"Singular matrix" error when I use normal distribution or negative-binomial

hrkadkhodaei commented 2 years ago

When I run the following code snipper I get an error "numpy.linalg.LinAlgError: Singular matrix" X_train, y_train, X_test, y_test = read_data(InEx) model = XGBDistribution(distribution="normal", n_estimators=500) model.fit(X_train, y_train, eval_set=[(X_test, y_test)], early_stopping_rounds=10)

The full error:

`D:\Python37\lib\site-packages\xgboost_distribution\distributions\normal.py:89: RuntimeWarning: overflow encountered in exp D:\Python37\lib\site-packages\xgboost_distribution\distributions\normal.py:61: RuntimeWarning: overflow encountered in exp Traceback (most recent call last): File "D:\Python37\lib\contextlib.py", line 130, in exit self.gen.throw(type, value, traceback) File "D:\Python37\lib\site-packages\xgboost\config.py", line 140, in config_context yield File "D:\Python37\lib\site-packages\xgboost_distribution\model.py", line 181, in fit callbacks=callbacks, File "D:\Python37\lib\site-packages\xgboost\training.py", line 196, in train early_stopping_rounds=early_stopping_rounds) File "D:\Python37\lib\site-packages\xgboost\training.py", line 81, in _train_internal bst.update(dtrain, i, obj) File "D:\Python37\lib\site-packages\xgboost\core.py", line 1685, in update grad, hess = fobj(pred, dtrain) File "D:\Python37\lib\site-packages\xgboost_distribution\model.py", line 254, in obj y=y, params=params, natural_gradient=self.natural_gradient File "D:\Python37\lib\site-packages\xgboost_distribution\distributions\normal.py", line 72, in gradient_and_hessian grad = np.linalg.solve(fisher_matrix, grad) File "<__array_function__ internals>", line 6, in solve File "D:\Python37\lib\site-packages\numpy\linalg\linalg.py", line 394, in solve r = gufunc(a, b, signature=signature, extobj=extobj) File "D:\Python37\lib\site-packages\numpy\linalg\linalg.py", line 88, in _raise_linalgerror_singular raise LinAlgError("Singular matrix") numpy.linalg.LinAlgError: Singular matrix

Process finished with exit code 1 ` The training and test data contain 13 float features (X) and 1 integer target (y)

aleksaw commented 1 year ago

I get the same error as above when fitting a 430k rows dataset with 31 columns, but the same dataset scaled down to 43k rows works.

CyperStone commented 1 year ago

I got the same error.
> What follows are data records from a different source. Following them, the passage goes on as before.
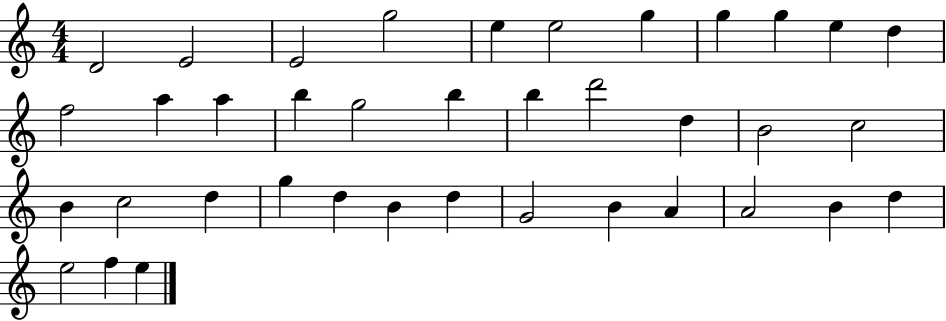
D4/h E4/h E4/h G5/h E5/q E5/h G5/q G5/q G5/q E5/q D5/q F5/h A5/q A5/q B5/q G5/h B5/q B5/q D6/h D5/q B4/h C5/h B4/q C5/h D5/q G5/q D5/q B4/q D5/q G4/h B4/q A4/q A4/h B4/q D5/q E5/h F5/q E5/q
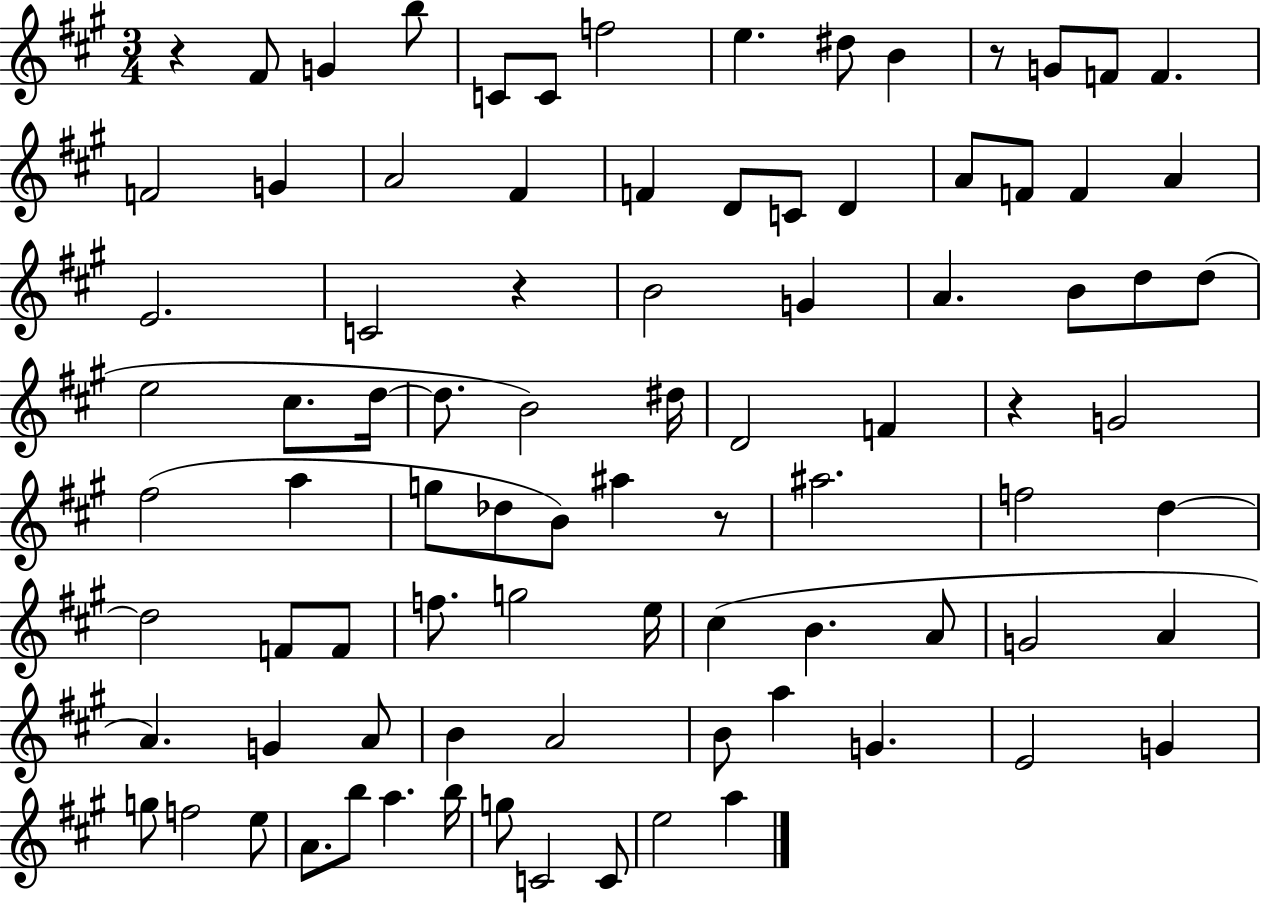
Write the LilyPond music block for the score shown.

{
  \clef treble
  \numericTimeSignature
  \time 3/4
  \key a \major
  r4 fis'8 g'4 b''8 | c'8 c'8 f''2 | e''4. dis''8 b'4 | r8 g'8 f'8 f'4. | \break f'2 g'4 | a'2 fis'4 | f'4 d'8 c'8 d'4 | a'8 f'8 f'4 a'4 | \break e'2. | c'2 r4 | b'2 g'4 | a'4. b'8 d''8 d''8( | \break e''2 cis''8. d''16~~ | d''8. b'2) dis''16 | d'2 f'4 | r4 g'2 | \break fis''2( a''4 | g''8 des''8 b'8) ais''4 r8 | ais''2. | f''2 d''4~~ | \break d''2 f'8 f'8 | f''8. g''2 e''16 | cis''4( b'4. a'8 | g'2 a'4 | \break a'4.) g'4 a'8 | b'4 a'2 | b'8 a''4 g'4. | e'2 g'4 | \break g''8 f''2 e''8 | a'8. b''8 a''4. b''16 | g''8 c'2 c'8 | e''2 a''4 | \break \bar "|."
}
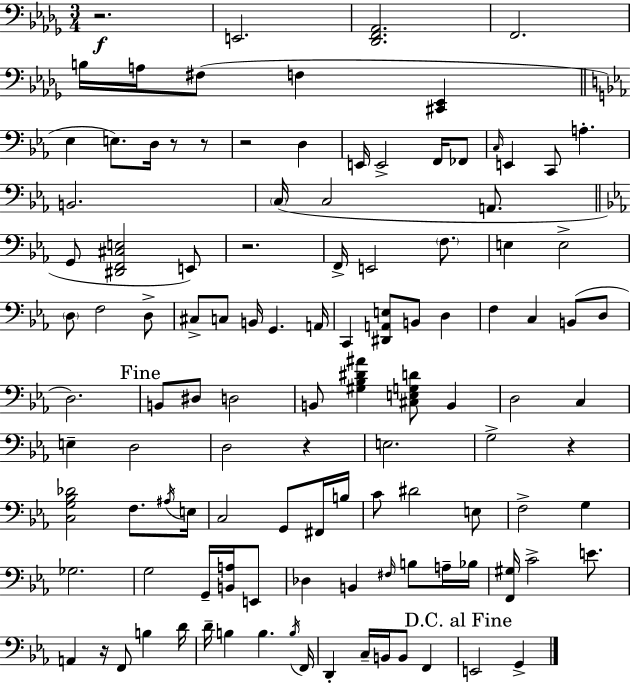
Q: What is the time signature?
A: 3/4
I tried to set the parameter natural_gradient as False to omit line grad = np.linalg.solve(fisher_matrix, grad) that is causing this, but then appears this warning:

C:\Users\scyperski\Anaconda3\envs\cost_prediction\lib\site-packages\xgboost_distribution\distributions\normal.py:65: RuntimeWarning: divide by zero encountered in divide grad[:, 0] = (loc - y) / var C:\Users\scyperski\Anaconda3\envs\cost_prediction\lib\site-packages\xgboost_distribution\distributions\normal.py:66: RuntimeWarning: divide by zero encountered in divide grad[:, 1] = 1 - ((y - loc) ** 2) / var C:\Users\scyperski\Anaconda3\envs\cost_prediction\lib\site-packages\xgboost_distribution\distributions\normal.py:78: RuntimeWarning: divide by zero encountered in divide hess[:, 0] = 1 / var C:\Users\scyperski\Anaconda3\envs\cost_prediction\lib\site-packages\xgboost_distribution\distributions\normal.py:79: RuntimeWarning: divide by zero encountered in divide hess[:, 1] = 2 * ((y - loc) ** 2) / var

As a result the predictions are full of NaNs. It seems like it's caused by log_scale array (in gradient_and_hessian method) which elements are to small and rounded to 0 after: var = np.exp(2 * log_scale)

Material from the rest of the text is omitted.